Stored data:
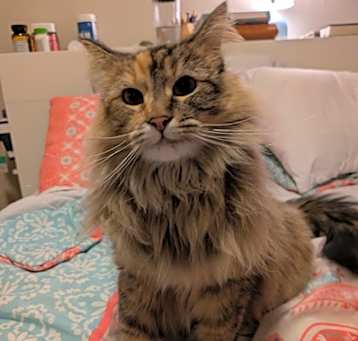 Photo of Goldie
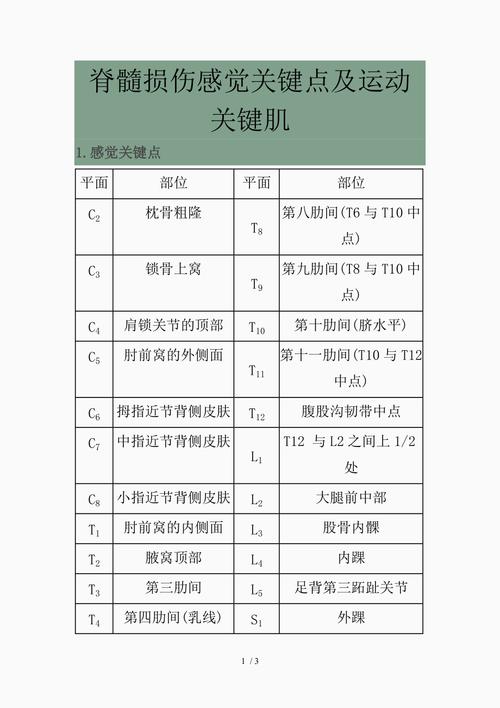 最新脊髓损伤感觉关键点及运动关键肌精品课件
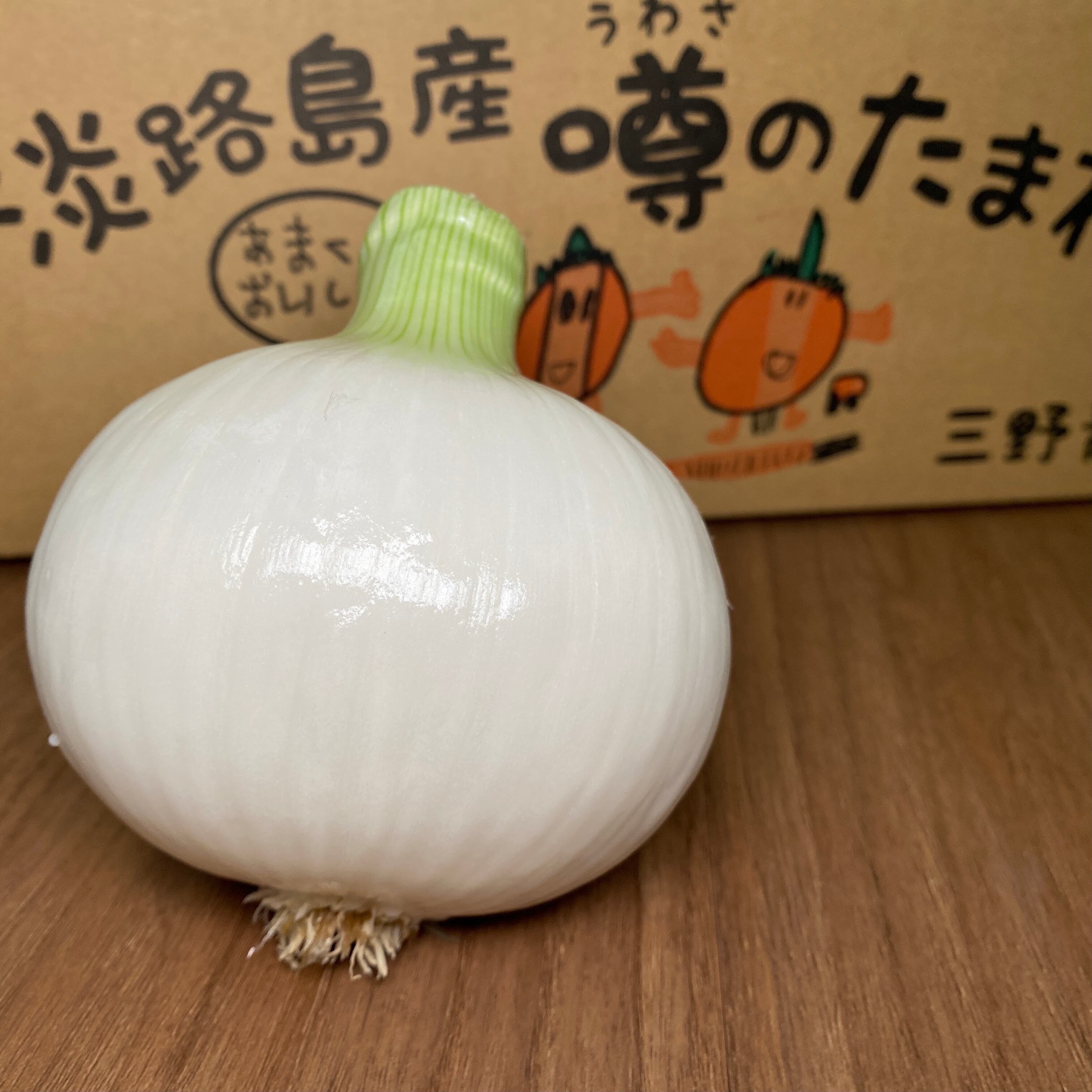 兵庫県南あわじ市産 プレミアムミルク玉ねぎ 新玉ねぎ 2月中旬 5月下旬 5kg 大畑大介商店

Your instructions: Nothing but the pictures may be dropped; restate the material word for word.

Written solution:
 Photo of Goldie
 最新脊髓损伤感觉关键点及运动关键肌精品课件
 兵庫県南あわじ市産 プレミアムミルク玉ねぎ 新玉ねぎ 2月中旬 5月下旬 5kg 大畑大介商店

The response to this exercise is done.